„Gemeinwohl statt Profitmaximierung“ – Rechtsanwalt Reime im Interview zur Berliner Genossenschaft Diese eG

Interviewer: Herr Reime, die Wohnungsbaugenossenschaft Diese eG wurde 2019 in Berlin gegründet und verfolgt das Ziel, Wohnhäuser vor spekulativem Verkauf zu schützen. Wie bewerten Sie dieses Modell aus juristischer und anlegerbezogener Sicht?
RA Reime: Die Diese eG ist ein Paradebeispiel für einen alternativen Ansatz in der Wohnraumversorgung. Juristisch handelt es sich um eine eingetragene Genossenschaft, die nicht auf Rendite, sondern auf den langfristigen Erhalt bezahlbaren Wohnraums zielt. Aus Sicht gemeinwohlorientierter Investoren ist das hochinteressant – allerdings muss man sich bewusst sein, dass es hier nicht um schnelle Gewinne, sondern um soziale Stabilität und werthaltige Stadtentwicklung geht.
Interviewer: Die Genossenschaft musste offenbar einige finanzielle Hürden überwinden, konnte ihre Projekte aber dennoch fortsetzen.

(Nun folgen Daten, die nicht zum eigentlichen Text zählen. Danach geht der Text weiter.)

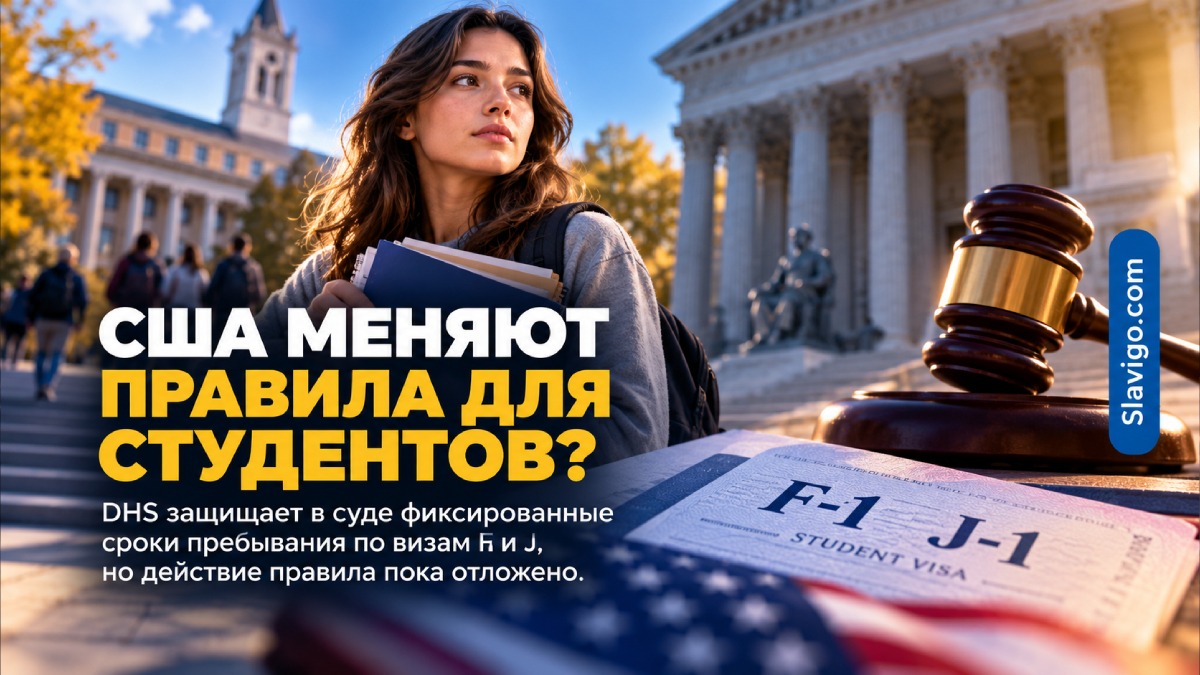 США защищают в суде правило о фиксированных сроках для иностранных студентов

Welche Risiken bestehen hier für Unterstützer?
RA Reime: Genossenschaften wie Diese eG agieren in einem anspruchsvollen Umfeld. Der Immobilienmarkt in Berlin ist umkämpft, Finanzierung wird oft zur Herausforderung, besonders bei hohen Kaufpreisen. Die rechtliche Struktur der Genossenschaft schützt allerdings vor persönlicher Haftung der Mitglieder. Das finanzielle Risiko liegt in der Regel in der begrenzten Rückzahlbarkeit von Einlagen und eventuell ausbleibender Verzinsung. Wer hier investiert, sollte das als langfristige, soziale Kapitalanlage sehen – nicht als spekulatives Geschäft.

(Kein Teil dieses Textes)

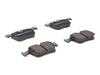 ES#4858977 - 0004208603 - Rear Brake Pad Set  - does not include brake wear sensor - Vaico - Mercedes Benz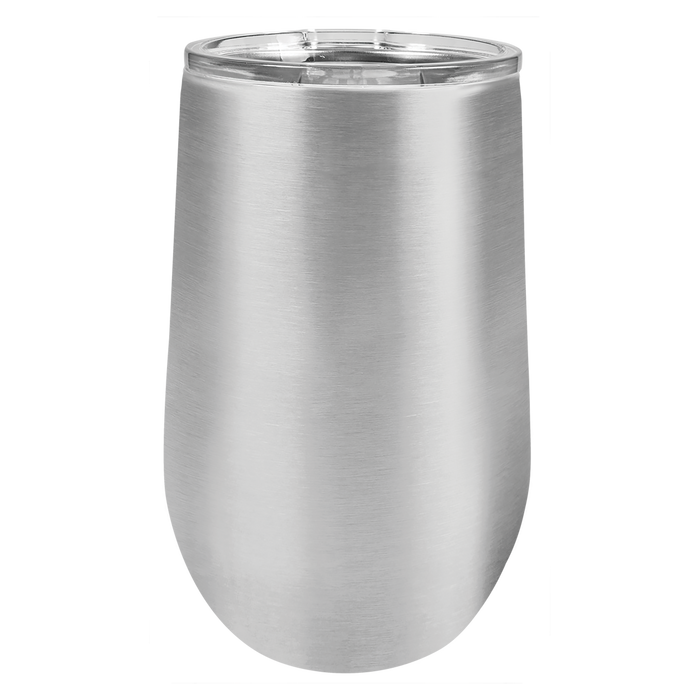 Vaso aislado con nombre personalizado - Elija su estilo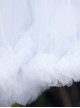 Super Fluffy Violence White Soft Sweet Lolita Cotton Candy Petticoat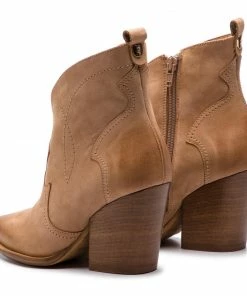 R.Polański Boots R.POLAŃSKI - 0987 Camel Nubuk -shoes guess-shop 0000201230190 03 pp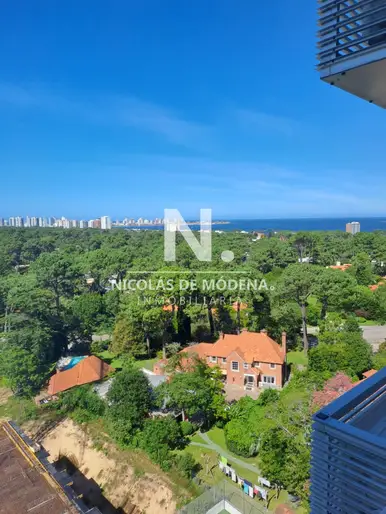 En venta Apartamento en Roosevelt - Punta del Este de 1 dormitorio, con excelente iluminación.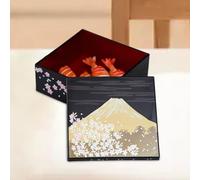 Lunch Box giapponese con vassoio per sushi Bento Box giapponese per ufficio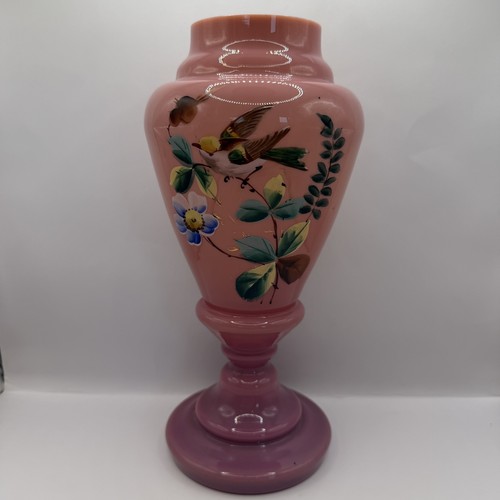 Antique victorian bristol pink - victorian,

Interviewer: Sehen Sie in der rechtlichen Ausgestaltung der Diese eG ein zukunftsfähiges Modell?
RA Reime: Absolut. Die Genossenschaft bietet ein solides rechtliches Fundament – demokratische Kontrolle durch die Mitglieder, eine Satzung mit Gemeinwohlorientierung und transparente Strukturen. Zudem agiert sie im Rahmen des Genossenschaftsgesetzes und unterliegt der Prüfung durch einen Prüfungsverband. Das schafft Vertrauen – sowohl bei den Bewohnern als auch bei potenziellen Partnern wie Stiftungen oder sozial orientierten Anlegern.
Interviewer: Könnte die Diese eG nun von der Wiedereinführung der Wohnungsgemeinnützigkeit profitieren?
RA Reime: Ja, das Potenzial ist groß. Wenn die Genossenschaft die Kriterien der neuen Wohnungsgemeinnützigkeit erfüllt – also etwa dauerhaft bezahlbaren Wohnraum sichert, keine Dividenden ausschüttet und soziale Kriterien berücksichtigt – kann sie steuerliche Vorteile wie die Befreiung von Körperschafts- und Gewerbesteuer nutzen. Das stärkt nicht nur ihre wirtschaftliche Basis, sondern verschafft auch gegenüber klassischen Immobiliengesellschaften einen Vorteil bei Grundstückserwerben.
Interviewer: Was raten Sie Menschen, die überlegen, sich an solchen Genossenschaften zu beteiligen?
RA Reime: Wer sich beteiligen möchte, sollte genau hinsehen: Wie sind die Satzung und die Ziele formuliert? Wie ist die wirtschaftliche Situation? Und welche Art von Beteiligung wird angeboten – klassische Genossenschaftsanteile oder nachrangige Darlehen? Wichtig ist, dass das Engagement zum eigenen Werteverständnis passt. Denn bei solchen Modellen geht es in erster Linie um das Mitgestalten einer sozialen Stadt, nicht um kurzfristige Renditen.
Interviewer: Vielen Dank für das Gespräch, Herr Reime.
RA Reime: Sehr gerne. Solche Projekte verdienen juristische und gesellschaftliche Aufmerksamkeit – weil sie zeigen, dass eine andere Wohnpolitik machbar ist.